Express tunnel, 4,800 active members, Sun Belt market
§ 01 · Observed
What was documented in diligence.
Membership software export reconciled against POS and bank deposits for 24 months. Monthly churn 3.8% — below the 5% threshold. Chemical cost per car $0.72, within the efficient $0.60–$0.90 range. Utility burden (water, electric, chemicals combined) at 10.4% of revenue. Tunnel equipment 4-year average age with full service records. Site lease 15 years remaining with assignment clause. Phase I environmental clear — no prior dry-cleaning or UST history on site.
§ 02 · Outcome
What happened.
Signed at 6.1× EBITDA. SBA lender confirmed DSCR at 1.31× on normalized earnings. Closed without repricing.
§ 03 · Structural Pattern
How this deal fits the four-pillar framework.

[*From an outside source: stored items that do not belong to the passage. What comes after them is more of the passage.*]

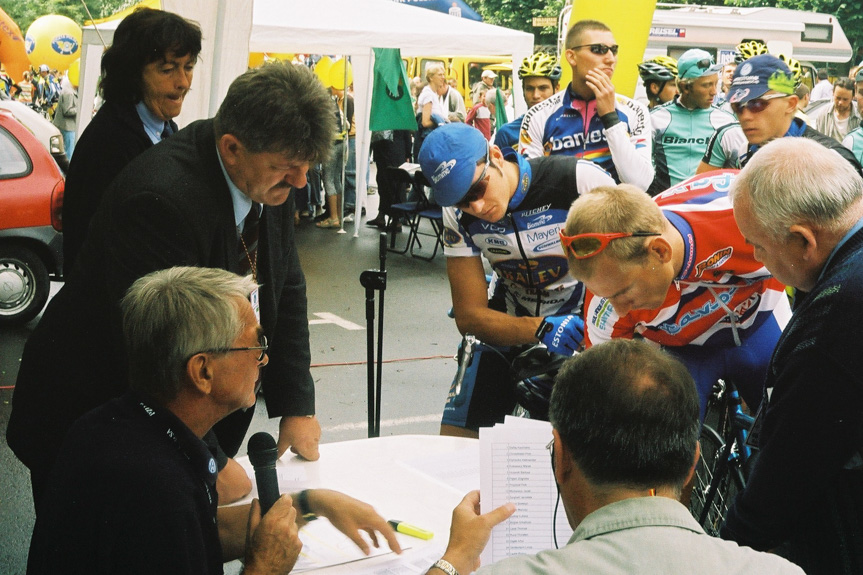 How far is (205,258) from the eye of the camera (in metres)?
2.11

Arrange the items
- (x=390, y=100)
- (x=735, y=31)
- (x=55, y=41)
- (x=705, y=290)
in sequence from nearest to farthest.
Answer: (x=705, y=290) < (x=390, y=100) < (x=735, y=31) < (x=55, y=41)

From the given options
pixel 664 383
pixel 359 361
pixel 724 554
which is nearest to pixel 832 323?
pixel 664 383

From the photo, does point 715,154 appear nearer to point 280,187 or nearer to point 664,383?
point 280,187

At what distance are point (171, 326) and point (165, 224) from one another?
41 cm

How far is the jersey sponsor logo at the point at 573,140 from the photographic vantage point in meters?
4.70

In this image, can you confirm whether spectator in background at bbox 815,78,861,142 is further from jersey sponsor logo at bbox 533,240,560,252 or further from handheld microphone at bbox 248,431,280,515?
handheld microphone at bbox 248,431,280,515

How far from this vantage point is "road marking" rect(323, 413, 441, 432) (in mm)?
4848

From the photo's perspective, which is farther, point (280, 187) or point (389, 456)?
point (389, 456)

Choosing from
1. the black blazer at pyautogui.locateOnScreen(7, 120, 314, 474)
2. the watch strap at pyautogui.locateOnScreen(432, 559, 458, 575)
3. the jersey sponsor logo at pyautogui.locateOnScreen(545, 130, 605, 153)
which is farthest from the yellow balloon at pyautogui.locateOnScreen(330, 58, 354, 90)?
the watch strap at pyautogui.locateOnScreen(432, 559, 458, 575)

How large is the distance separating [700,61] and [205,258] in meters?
4.78

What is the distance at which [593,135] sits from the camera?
15.5ft

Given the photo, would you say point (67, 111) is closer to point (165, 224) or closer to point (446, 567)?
point (165, 224)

Upper-band placement supported by membership share above 60%, documented cohort retention below 4% monthly churn, chemical efficiency within benchmark, and long-term assignable lease. All four pillars scored at or above mid-band; Earnings Quality and Fundability both cleared top-of-band thresholds.
This is an anonymized composite drawn from observable structural patterns in the sample window. It is not a specific deal. The structural pattern, band placement, and outcome reflect commonly observed combinations; a future consented case study will replace this entry.